2012 / 2013

Publié le par Eric George

A l’heure où vous lirez ces lignes, sans doute aurez-vous déjà oublié que la fin du monde avait lieu le 21 décembre dernier. Triste fin, triste oubli pour une fin du monde qui nous a fait tellement trembler ou, plus vraisemblablement, rire ces dernières années…

Mais si on y pense, quand les derniers vœux auront été souhaités, c’est aussi le sort que connaîtra l’année 2013 dès le 2 ou 3 de son mois de février : nous aurons oublié qu’elle a été cette nouvelle année dont nous avons préparé l’avènement avec tant de fébrilité. Et c’est vrai aussi d’un certain nombre de nos cadeaux de Noël qui retomberont dans l’oubli et au fond d’une armoire, peut-être même avant la fin du mois de janvier…

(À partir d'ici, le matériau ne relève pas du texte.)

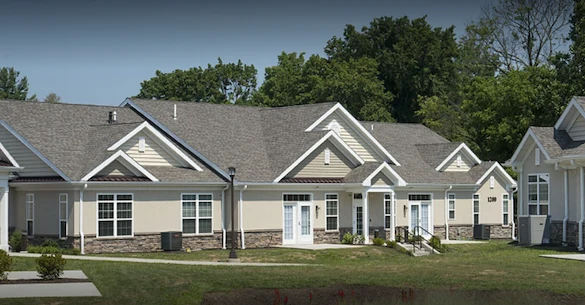 Image of Holland Village Senior Living (1)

Bien sûr, l’un des principaux attraits de la nouveauté, c’est qu’elle passe vite, il faut donc en profiter sans attendre… Mais au-delà de cette soif de nouveauté, nous devrions nous arrêter un peu sur cette capacité que nous avons à oublier demain dès qu’il est devenu hier.

C’est peut-être le signe alarmant que nous nous blasons si vite, trop vite, que nous sommes d’éternels enfants trop gâtés dont l’enthousiasme d’hier retombe comme un soufflé dès la fin d’aujourd’hui. Pire encore, peut-être, l’avenir s’avère-t-il toujours décevant quand il devient présent… Mais peut-être aussi, est-ce le signe que nous ne nous enthousiasmons pas pour les bonnes choses, que régulièrement, nous nous trompons d’attente…

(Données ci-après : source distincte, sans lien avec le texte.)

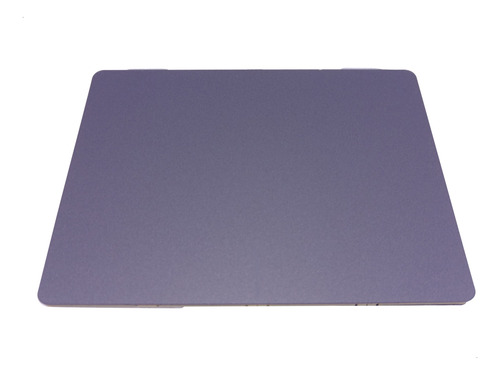 Touch Pad Dell Inspiron 5755 5758 5558 5559 N/p Am1ap000200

Mais ce besoin, cette soif d’attendre est d’espérer est aussi une chose merveilleuse, une véritable bénédiction qui fait de nous des êtres toujours en marche, toujours ouverts à ce qui arrive, toujours tendu vers demain. Oui, il est bon notre désir de demain. Et quand Jésus nous enseigne que le Royaume est déjà là, je me demande s’il ne nous signifie pas que l’attente du Royaume, c’est déjà le Royaume, tout comme l’excitation de la fête à venir est déjà la fête…

Alors frères et sœurs, recevez mes meilleurs vœux pour cette année qui commence, que 2013 ne soit pas la crainte d’une fin annoncée mais qu’elle soit l’attente toujours renouvelée et joyeuse d’un avènement promis. Qu’ainsi, chaque jour de 2013 soit vécu dans la reconnaissance d’hier, dans la découverte émerveillée d’aujourd’hui, dans le désir impatient de demain.